__The problem__. Retype each line of the material exactly, please, skipping any picture in it.

__Recorded data__.
· · · · · · ·

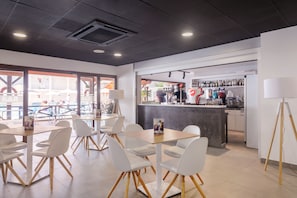 Poolside bar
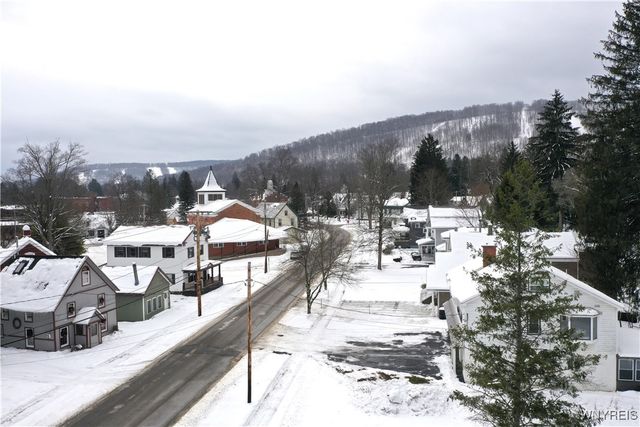 14 Elk Street, Ellicottville, NY 14731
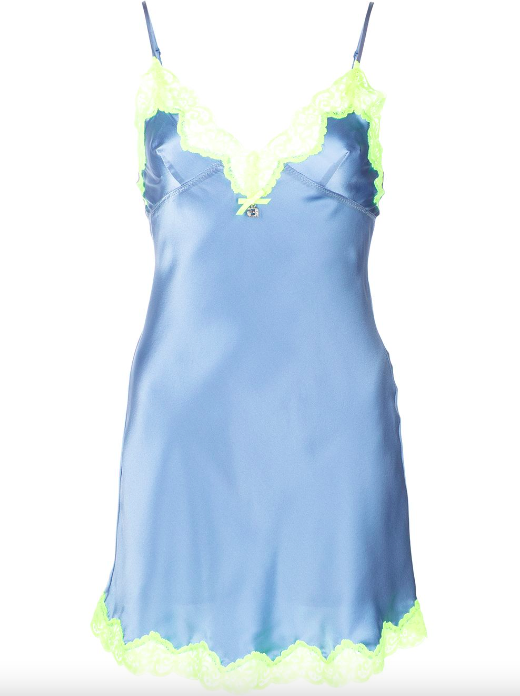 Slip dress με δαντέλα: Το retro sexy φόρεμα του καλοκαιριού-6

· · · · · · ·

__Exercise output__.
 Poolside bar
 14 Elk Street, Ellicottville, NY 14731
 Slip dress με δαντέλα: Το retro sexy φόρεμα του καλοκαιριού-6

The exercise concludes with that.